Erin Reilly, Theatre Horizon

Erin Reilly Artistic Director, Theatre Horizon

A graduate of the University of Pennsylvania, Erin co-founded Theatre Horizon with Matthew Decker, recently leading a $1 million campaign to build and open a new venue for the company on Arts Hill in Norristown. Erin has directed over 15 productions, working with both professional actors and students. As an equity actress she has performed on numerous area stages including the Walnut Street Theatre and Wilma Theater. Theatre Horizon’s Education Department is near to her heart, and she draws on her experience teaching for education programs at the Wilma Theater, Lantern Theater, and Mum Puppettheatre, among many others. She serves on Creative MontCo and the Board of Theatre Philadelphia, and was named one of Philadelphia’s 76 Creative Connectors by Leadership Philadelphia

Tell us what your greatest personal challenge is, and how you’ve achieved success in spite of it.

Perfectionism! It’s lethal. Sometime during college I realized that “Done is better than perfect” and that “if you leave it to the last minute, it only takes a minute to do.” My perfectionism had been holding me back from achieving the things I wanted to do. Now, I know how to turn out personally satisfying, award-winning work of which I’m proud—without turning myself into knots trying to make it “perfect.”

Name something that guides both your personal and professional development and helps you to regain focus during challenging times.

My desire to be a mother. I always knew one day I wanted to be a parent and now, with two little boys and a little girl on the way, my kids help me step back, see the big picture, and re-focus in on what’s really important in life. Being a mother and co-parent with my husband has made me a better listener, and helped me let go of the little things.

What do you believe is at the core of why women hesitate to “lean in” and pursue leadership roles where they are?

Because it’s hard to lean in when so many barriers are in the way of women! First a young woman has to muster the imagination to look past the very limited female role models our culture displays to young girls. If a woman manages to survive the princess-ification of girlhood, she must then survive the taunts, aggression, and sexual bullying in which teenage boys sometimes engage. Lastly as an adult, she has to navigate the wage gap and the time management challenge of marriage and mothering, where women still do the bulk of the domestic work. Without consistent encouragement from other strong, real-life female role models, it’s very challenging for a woman to navigate these roadblocks and stay on a path to becoming a leader.

Tell us one of your greatest professional accomplishments, and why it meant so much to you?

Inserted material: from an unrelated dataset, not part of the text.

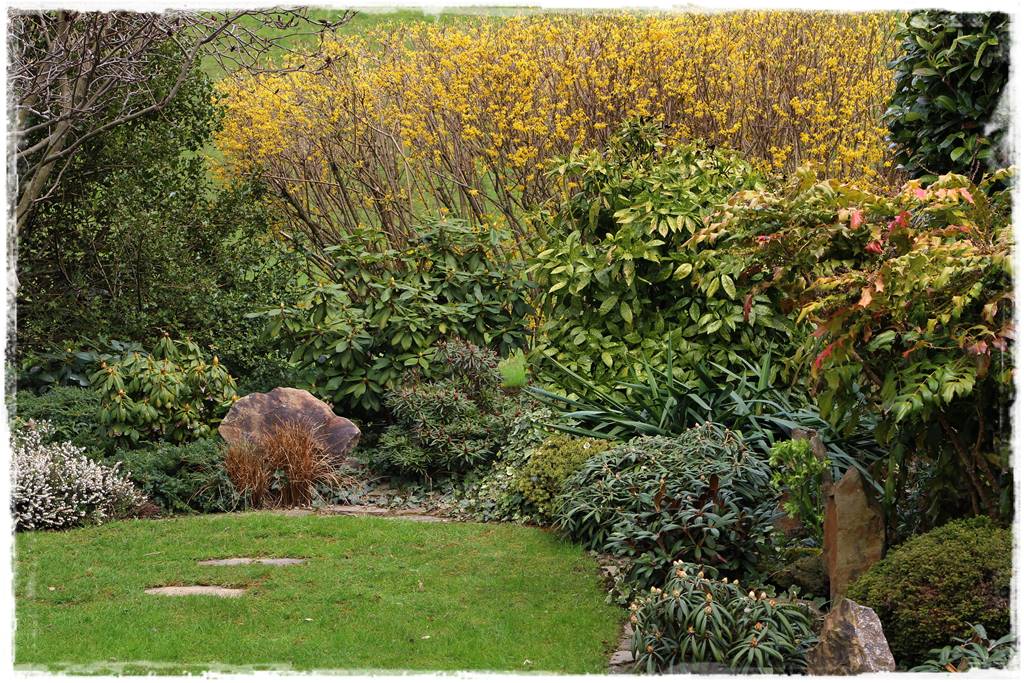 Zimowe kwiaty w ogrodzie 13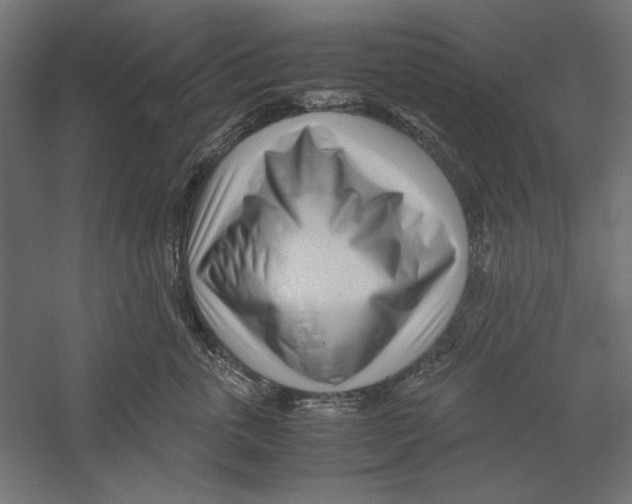 X0000060230763200511241306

Bringing together disparate groups of people to build and open a $1 million theater company in an economically underserved town where many, many families with children live below the poverty line. Now, Theatre Horizon is an anchor of community life, an economic engine for the neighborhood, and a place where people from all walks of life come to enjoy a good story together, and imagine a better, more harmonious future for our society.

How do you manage fear in both your work and personal life?

At work at my non-profit, I look far into the future to outrun fear. Most of my fear is about not having the funding necessary to fully serve artists, audiences, and especially the young students who benefit from our artistic programs. But when I map out possible strategies I could employ over the next three to five years, I can usually find a path out of paralyzation and into action. At home, my response to fear is the opposite.  I have a child with Cystic Fibrosis, a deadly disease, so fear for his wellbeing hits me when I least expect it. My mantra is, “One day at a time. There’s no point worrying about the future. Our family will face whatever comes with strength and love.”

What do you believe will be the greatest global benefit to having more women in leadership roles?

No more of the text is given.